### What the exercise asks
Give back, word for word, the lines in the listing below from the one holding "Wersja na najwyższym" down to the one holding "Duo-Pendelleuchte Weichstahl, Glas Messing", both ends included.

++++ Supplied material ++++

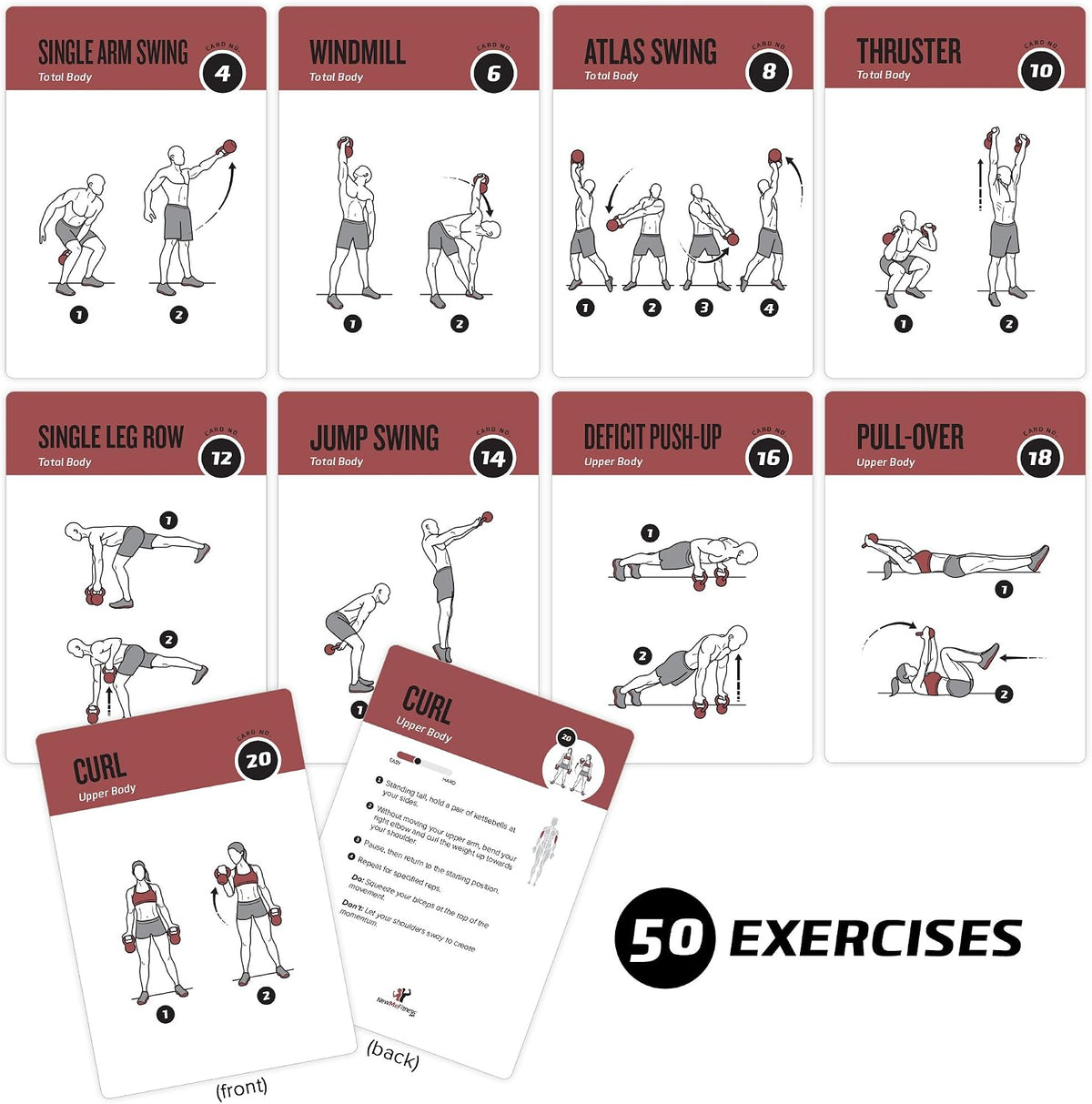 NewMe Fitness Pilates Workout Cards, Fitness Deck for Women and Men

++++
++++ Supplied material ++++

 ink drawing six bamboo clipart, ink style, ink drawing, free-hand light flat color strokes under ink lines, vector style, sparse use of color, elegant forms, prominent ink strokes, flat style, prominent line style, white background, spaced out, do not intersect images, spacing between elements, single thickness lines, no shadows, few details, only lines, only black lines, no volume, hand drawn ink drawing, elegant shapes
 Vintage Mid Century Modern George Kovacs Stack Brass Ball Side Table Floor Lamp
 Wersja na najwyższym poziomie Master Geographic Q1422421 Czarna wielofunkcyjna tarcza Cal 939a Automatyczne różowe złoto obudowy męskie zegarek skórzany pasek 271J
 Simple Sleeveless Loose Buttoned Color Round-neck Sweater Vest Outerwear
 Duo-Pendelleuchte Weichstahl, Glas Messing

++++
++++ Supplied material ++++

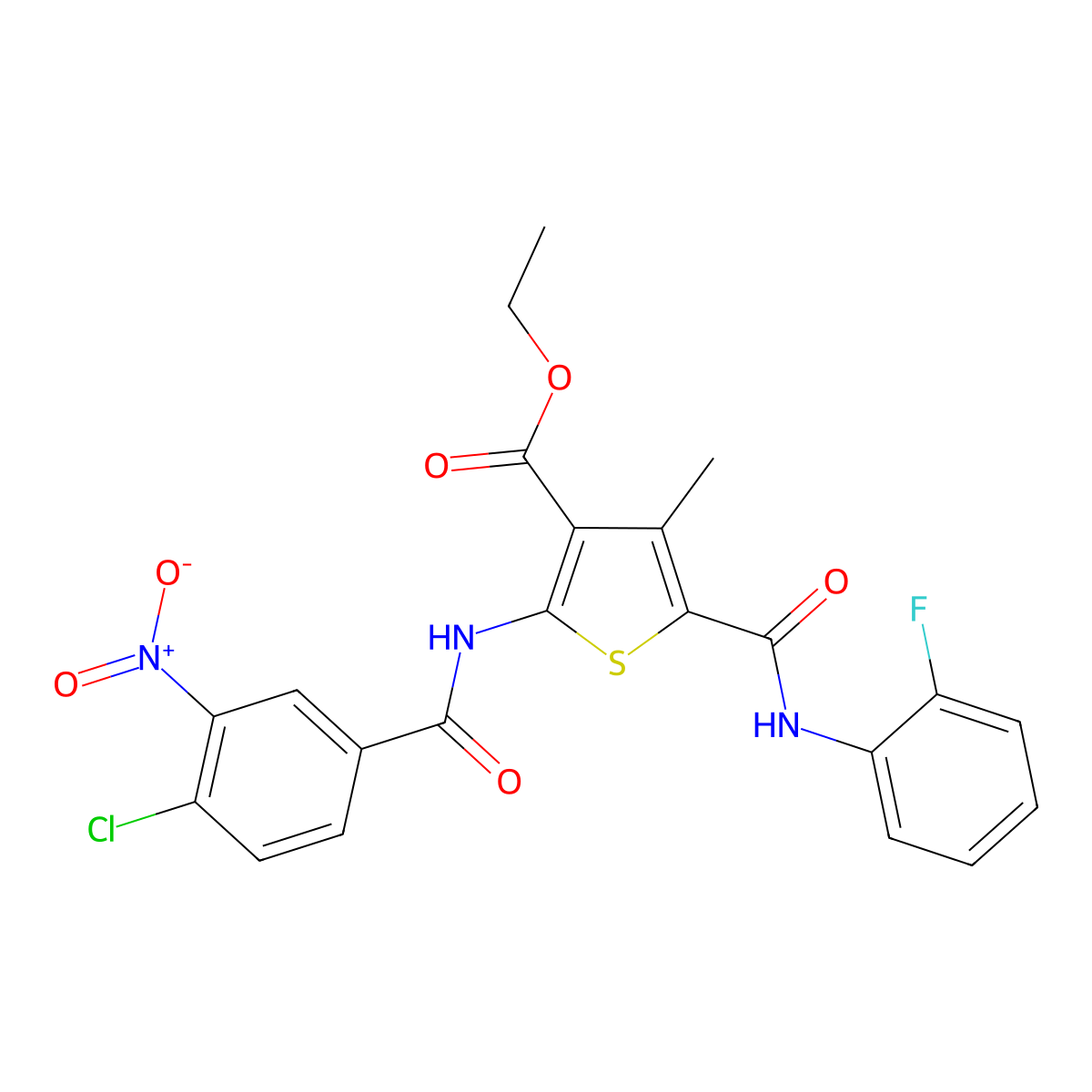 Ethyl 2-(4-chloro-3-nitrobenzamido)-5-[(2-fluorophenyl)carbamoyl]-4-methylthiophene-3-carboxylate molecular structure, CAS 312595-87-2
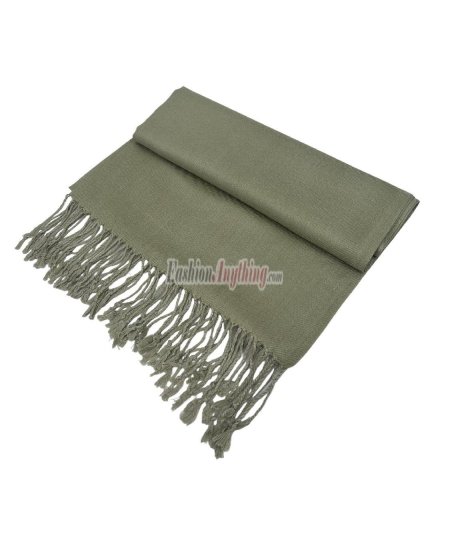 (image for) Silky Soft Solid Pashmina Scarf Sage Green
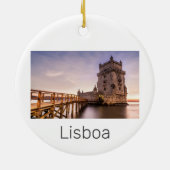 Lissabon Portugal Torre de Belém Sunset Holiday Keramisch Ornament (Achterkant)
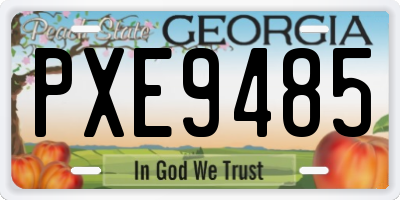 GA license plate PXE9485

++++

### Task response
 Wersja na najwyższym poziomie Master Geographic Q1422421 Czarna wielofunkcyjna tarcza Cal 939a Automatyczne różowe złoto obudowy męskie zegarek skórzany pasek 271J
 Simple Sleeveless Loose Buttoned Color Round-neck Sweater Vest Outerwear
 Duo-Pendelleuchte Weichstahl, Glas Messing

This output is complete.